WASHINGTON — A family that was stymied for almost a year trying to recover the remains of their murdered brother from the grounds of Lake Mead took their frustrations straight to the top on Wednesday.
The brother of slain Las Vegas cabdriver Keith Goldberg confronted a senior leader of the National Park Service in a Senate hallway, demanding in an emotional exchange to know why it took so long “to get my brother’s bones back.
“I got partial bones back,” Jeffrey Goldberg told Dean Ross, Park Service deputy chief. “I got rib bones, a piece of a leg. I never got his whole body back.”
Keith Goldberg was declared missing on Jan. 31, 2012, after failing to show for a Super Bowl visit from his brother so they could root together for the New York Giants. After being told by authorities that Goldberg might never be found, his family oversaw 50 searches over 200 square miles of Southern Nevada outback until clues discovered that spring near the lake — clothing wrapped in plastic and a pair of eyeglasses worn by the victim — pointed to the federal park.
But managers of the Lake Mead National Recreation Area required the family to apply for permits and obtain a $1 million insurance policy before allowing their private recovery team to search for Goldberg’s body.
Months later, after the family raised money to buy insurance and finally secured entry to the park, a team from Red Rock Search and Rescue on April 14, 2013, found Goldberg’s remains within two hours.
“We waited so long to get access,” Jeffrey Goldberg told Ross, his voice rising and his hands gesturing in the air. “You know what that is like for a family member? I’m his brother. His mother was 80 years old at the time, her health was deteriorating.
“If it happened to you, if you had a family and you had a missing family member and there was a good possibility that person was over in that area, was murdered, and you can’t get there, what would you do?”
Members of Congress who heard the family’s story last year had called on the Park Service to apologize.

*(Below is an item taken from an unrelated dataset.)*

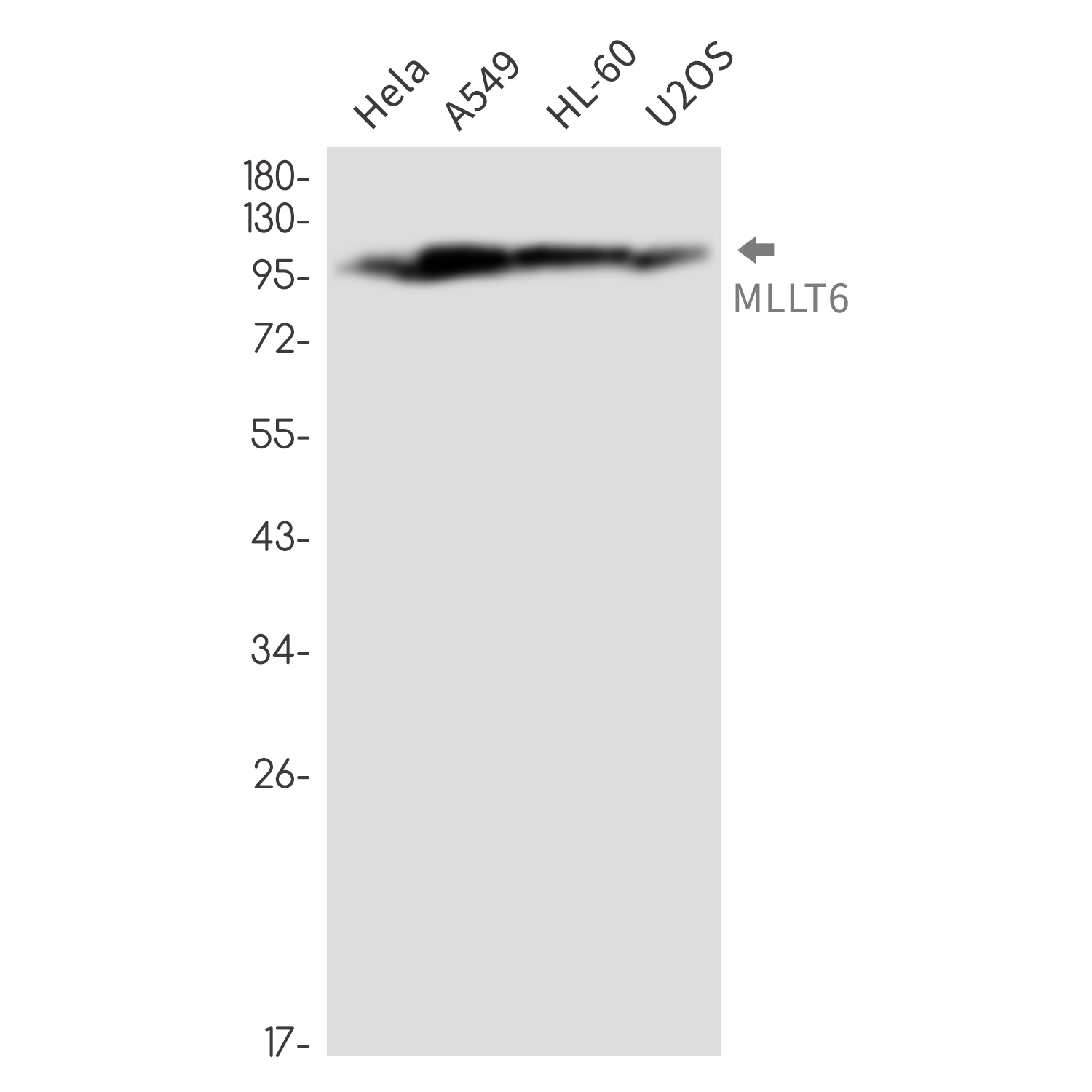 Rabbit monoclonal antibody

Goldberg told Ross the family has heard nothing.
“Nobody even called us, nobody said anything, nobody cared. It’s like we were nonexistent and that’s the part that hurts so bad, to have a murder in our family but then to go through all the bureaucracy. It’s crazy! It’s really crazy!
“I’m sorry but I have to let it out,” Goldberg said.
The Park Service leaves it to the discretion of local superintendents whether to grant waivers to allow search access to land in their jurisdiction. A bill by Sen. Dean Heller, R-Nev., that was reviewed Wednesday by the Senate public lands subcommittee would require federal land agencies to grant waivers to qualified search units. A similar bill by Rep. Joe Heck, R-Nev., passed the House earlier this year.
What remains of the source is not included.